Lee seeks to improve performance guarantees in clustering, one of the most fundamental tasks in machine learning.
Euiwoong Lee
Prof. Euiwoong Lee

Euiwoong Lee, assistant professor of computer science at the University of Michigan, has received a National Science Foundation (NSF) CAREER Award to design efficient new data clustering algorithms with improved performance guarantees. The project is titled “Towards Optimal Approximabilities for Clustering.”

In data analysis, clustering involves grouping data together based on some measure of similarity. It’s one of the most common and basic tasks in unsupervised machine learning, and is typically a first step to understanding relationships in big data sets across every field. In his CAREER research, Lee intends to design provably optimal approximation algorithms for clustering. Drawing on optimization, complexity theory, geometry, combinatorics, and analysis, he’ll create new algorithmic techniques that build new connections between these fields and advance the state of the art.

“Clustering is one of the most representative tasks in machine learning and has been actively studied for decades, but there are still wide gaps in our understanding even for the most basic formulations,” Lee says.

Lee’s project will look at two main aspects of the problem, algorithms and hardness.
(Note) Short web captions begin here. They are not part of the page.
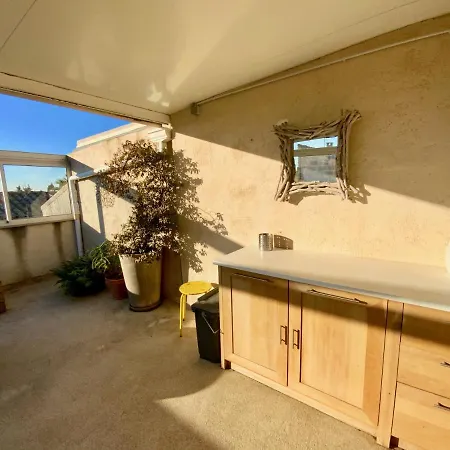 Groomi Le Castriote Authenticite Et Vue Imprenable Apartmán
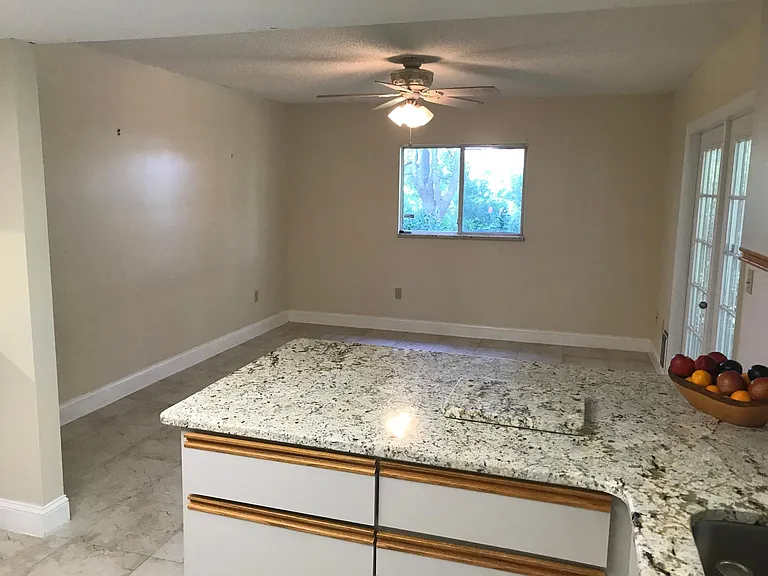 6516 SW 61st Ct — Photo 10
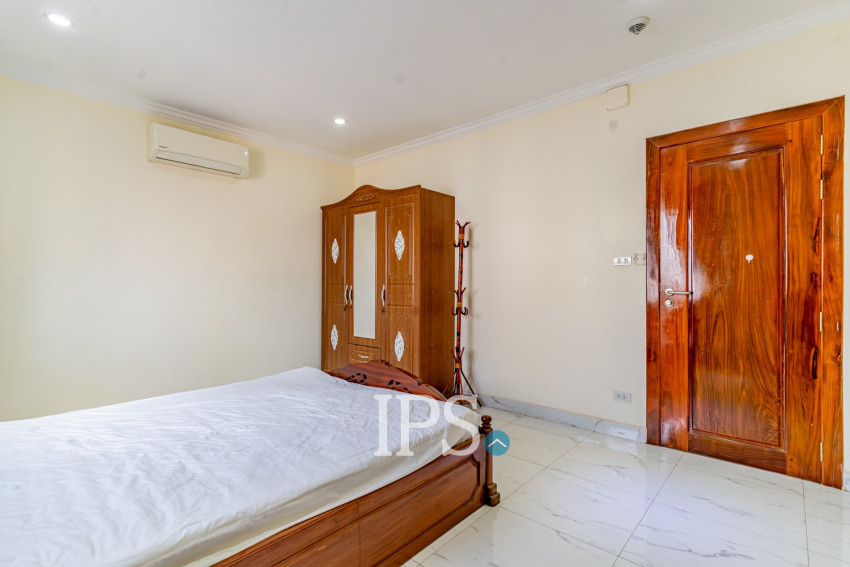 3 Bedroom Serviced Apartment For Rent - Beoung Prolit, Phnom Penh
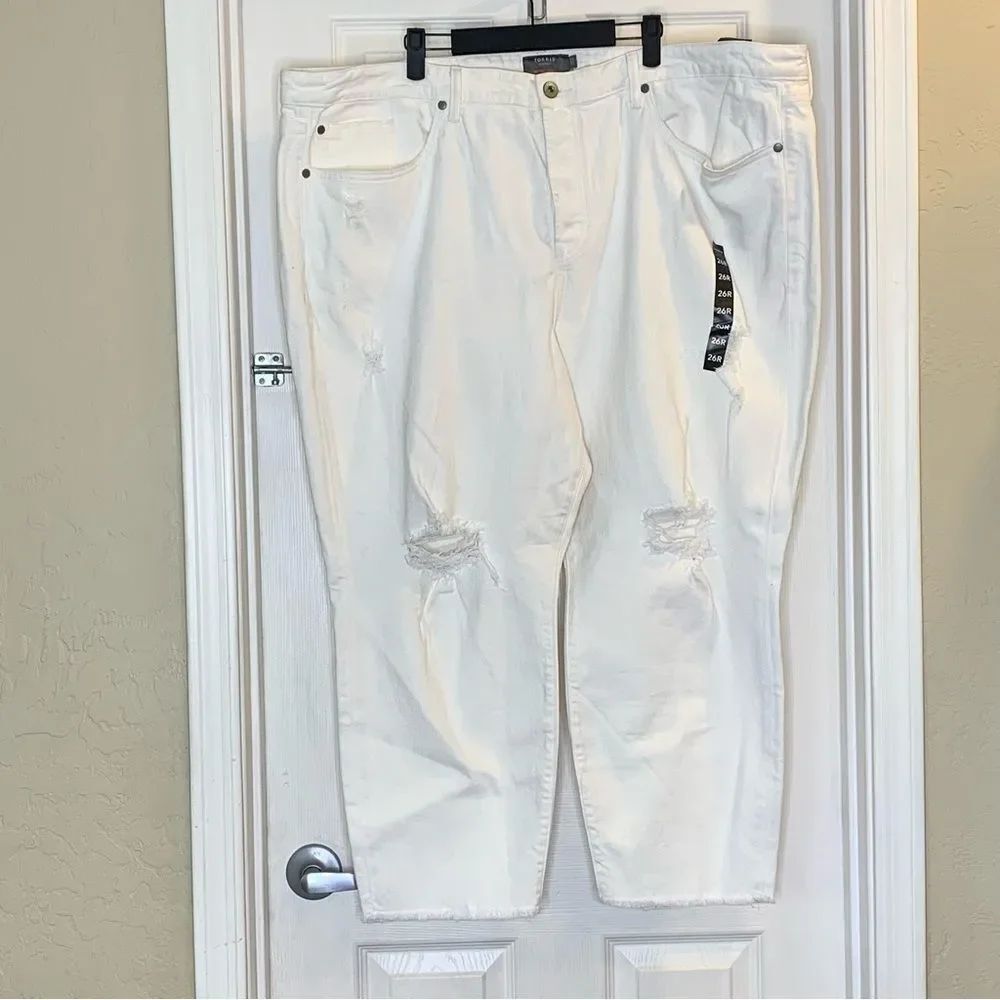 Torrid High Rise Straight White Jeans Busted Knees Size 26R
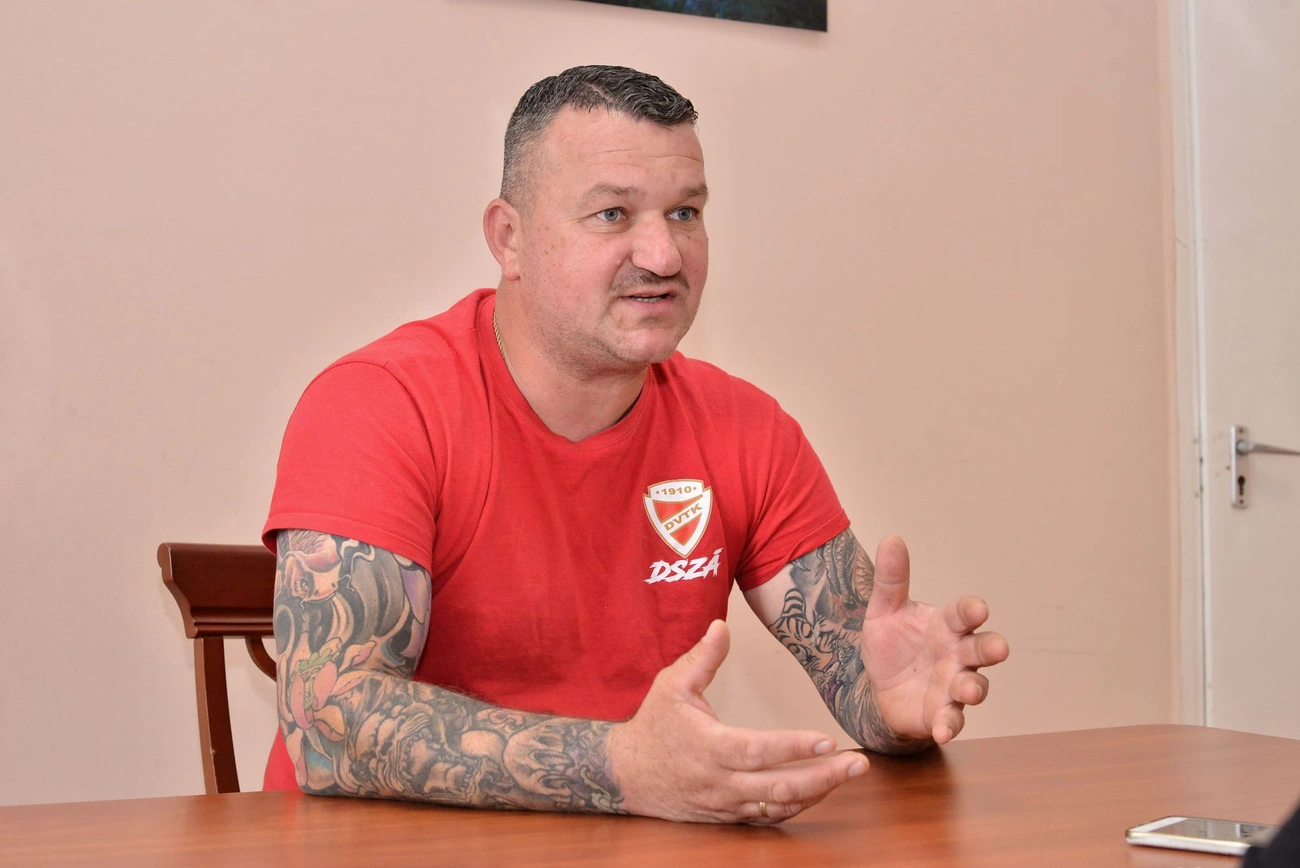 Csík Zoltán a szerkesztőségben. Fotó: Osztie Tibor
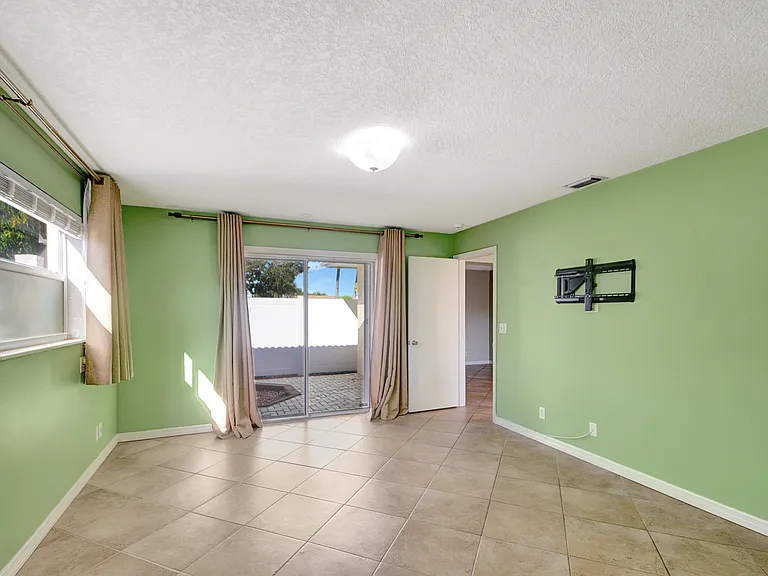 W Terrace Dr — Photo 19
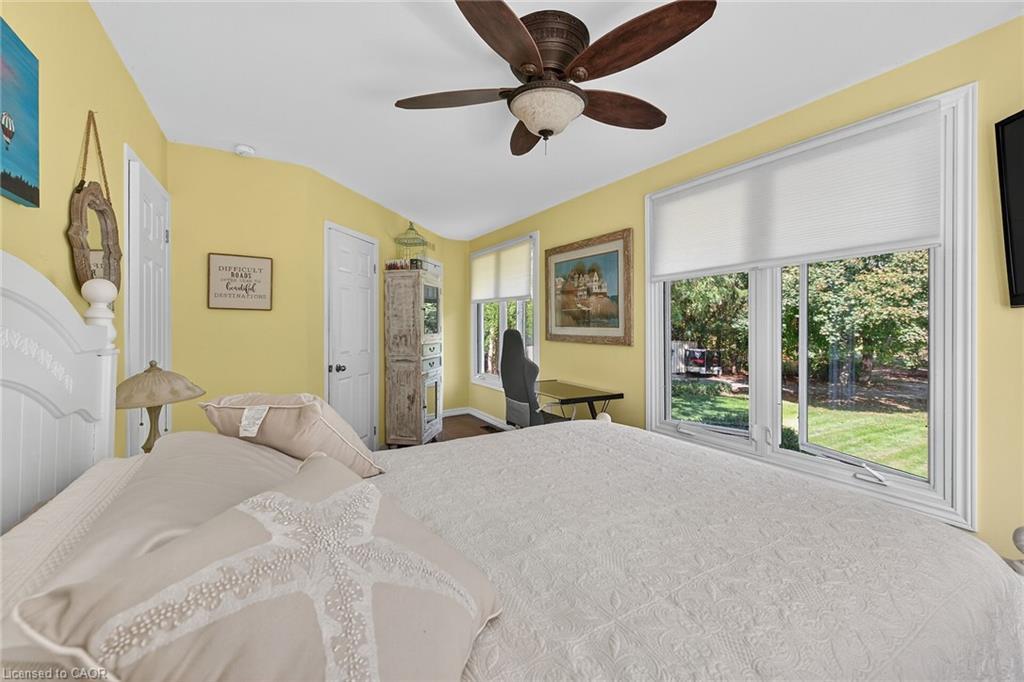 5590 Blind Line, Burlington, ON - Indoor Photo Showing Bedroom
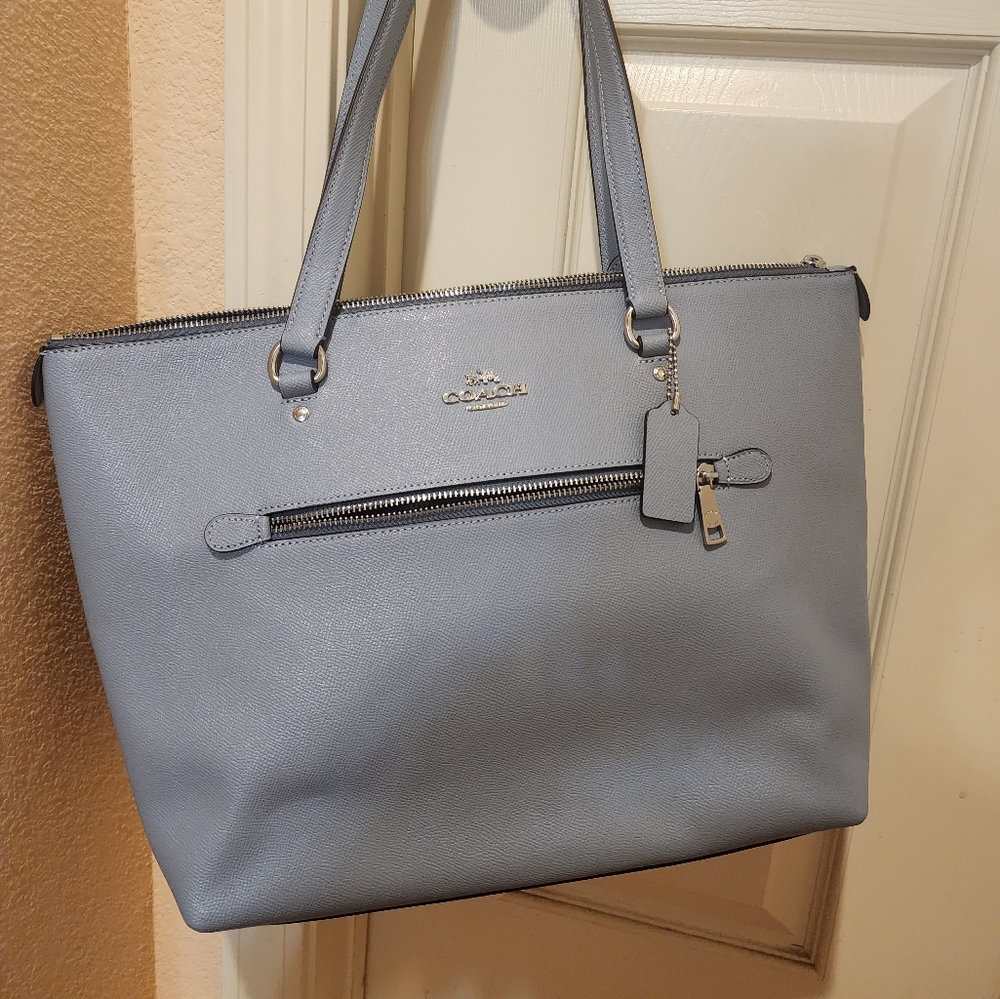 Coach tote
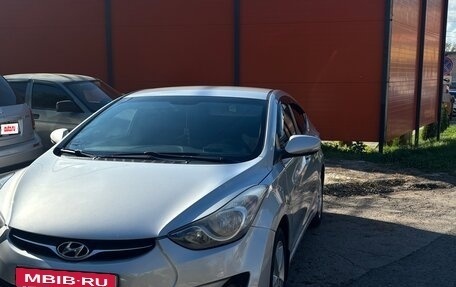 Hyundai Elantra V, 2012 год, 1 000 000 рублей, 2 фотография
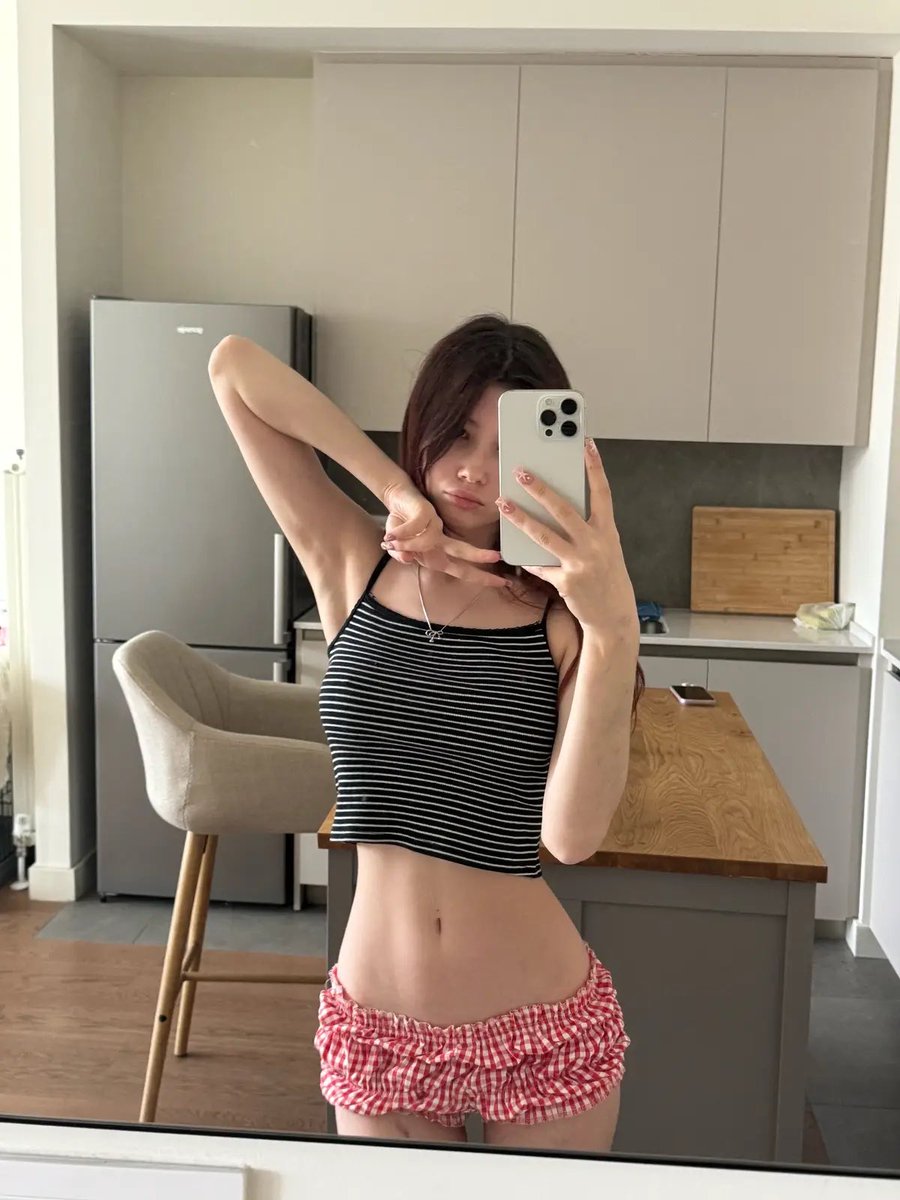 bonnioxpetite_'s tweet photo. ✌️🥰 https://t.co/B4aHrGxPdo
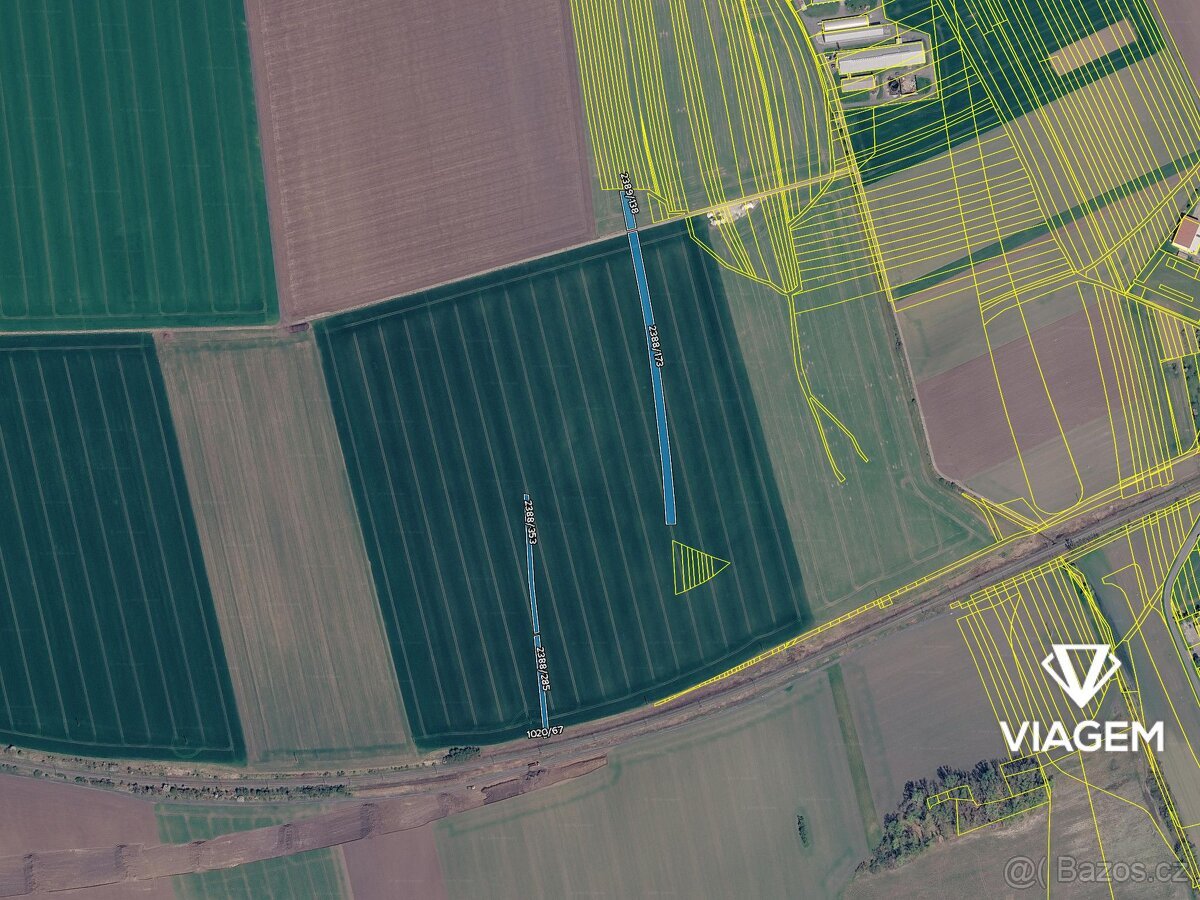 Pole 5 171 m², Podíl 50 % o výměře 2 586 m²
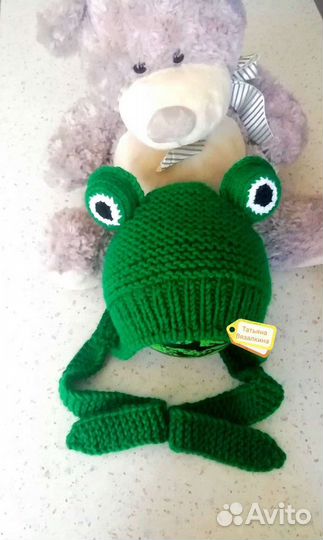 Шапка лягушка, динозавр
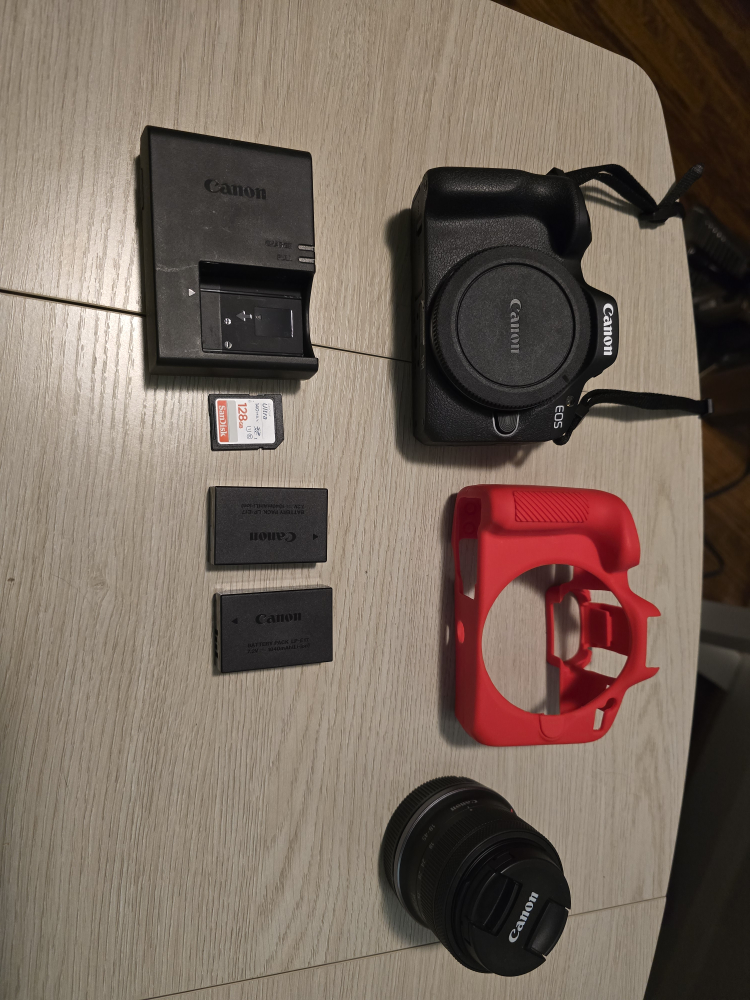 Canon R50 Mirrorless Camera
In the first direction, he’ll revisit the study of local search, a technique that, when applied to clustering, iteratively seeks out an optimal set of clusters after an initial guess. Lee will explore recent innovations in the area, including his own combination of local search with linear programming methods. 

“While the standard local search has been well studied, new types of local search algorithms were recently proposed that require a deeper understanding of local landscapes,” Lee says.

His second direction will study his recently proposed complex hypothesis, called the Johnson Coverage Hypothesis. If true, Lee will be able to demonstrate significantly better hardness results for clustering in Euclidean spaces.

“It already reveals exciting connections to other areas of mathematics and theoretical computer science that are worth further investigation.”

Lee’s focus on clustering can have a big impact on the many fields that rely on it for day-to-day data exploration and analysis.

“With the growing presence of machine learning in every aspect of our lives, clustering algorithms are run numerous times a day,” Lee says. “A complete theoretical understanding of fundamental clustering problems and their algorithms will lead to more efficient algorithms that produce better outcomes at less cost.”